▶ _Records supplied_
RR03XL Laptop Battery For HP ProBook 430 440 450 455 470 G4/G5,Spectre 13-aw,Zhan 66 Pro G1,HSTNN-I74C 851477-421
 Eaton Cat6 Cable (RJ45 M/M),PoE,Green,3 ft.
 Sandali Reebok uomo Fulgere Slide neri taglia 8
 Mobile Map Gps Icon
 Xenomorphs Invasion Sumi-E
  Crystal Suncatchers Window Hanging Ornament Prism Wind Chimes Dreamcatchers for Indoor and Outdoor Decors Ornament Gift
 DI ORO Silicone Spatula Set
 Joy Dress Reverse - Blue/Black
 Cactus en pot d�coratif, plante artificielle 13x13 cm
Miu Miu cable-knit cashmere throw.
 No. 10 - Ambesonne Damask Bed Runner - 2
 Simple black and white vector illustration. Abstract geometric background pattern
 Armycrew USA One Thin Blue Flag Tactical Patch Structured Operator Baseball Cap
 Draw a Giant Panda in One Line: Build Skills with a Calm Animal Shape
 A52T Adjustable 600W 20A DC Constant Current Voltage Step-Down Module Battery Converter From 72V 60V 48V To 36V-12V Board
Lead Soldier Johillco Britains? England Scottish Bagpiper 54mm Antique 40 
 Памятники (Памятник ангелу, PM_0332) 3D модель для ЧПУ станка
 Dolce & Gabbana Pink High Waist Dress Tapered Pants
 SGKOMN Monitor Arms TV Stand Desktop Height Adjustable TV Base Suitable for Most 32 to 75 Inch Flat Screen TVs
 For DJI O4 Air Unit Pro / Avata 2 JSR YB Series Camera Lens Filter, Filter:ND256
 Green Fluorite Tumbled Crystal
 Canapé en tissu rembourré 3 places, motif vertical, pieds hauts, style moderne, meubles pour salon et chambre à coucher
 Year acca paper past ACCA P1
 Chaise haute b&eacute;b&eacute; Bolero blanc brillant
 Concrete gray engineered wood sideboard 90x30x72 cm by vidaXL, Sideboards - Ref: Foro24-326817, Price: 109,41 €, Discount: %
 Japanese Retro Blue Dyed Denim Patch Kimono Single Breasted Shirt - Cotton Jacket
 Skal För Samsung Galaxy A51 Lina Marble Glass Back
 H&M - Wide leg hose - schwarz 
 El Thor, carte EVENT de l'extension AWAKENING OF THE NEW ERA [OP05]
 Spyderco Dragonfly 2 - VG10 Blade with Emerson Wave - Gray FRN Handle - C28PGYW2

▶ _Task item_
Find the line with "For DJI O4 Air". Transcribe it and every line after it exactly, through the end of the records above, and nothing else.

▶ _Exercise answer_
 For DJI O4 Air Unit Pro / Avata 2 JSR YB Series Camera Lens Filter, Filter:ND256
 Green Fluorite Tumbled Crystal
 Canapé en tissu rembourré 3 places, motif vertical, pieds hauts, style moderne, meubles pour salon et chambre à coucher
 Year acca paper past ACCA P1
 Chaise haute b&eacute;b&eacute; Bolero blanc brillant
 Concrete gray engineered wood sideboard 90x30x72 cm by vidaXL, Sideboards - Ref: Foro24-326817, Price: 109,41 €, Discount: %
 Japanese Retro Blue Dyed Denim Patch Kimono Single Breasted Shirt - Cotton Jacket
 Skal För Samsung Galaxy A51 Lina Marble Glass Back
 H&M - Wide leg hose - schwarz 
 El Thor, carte EVENT de l'extension AWAKENING OF THE NEW ERA [OP05]
 Spyderco Dragonfly 2 - VG10 Blade with Emerson Wave - Gray FRN Handle - C28PGYW2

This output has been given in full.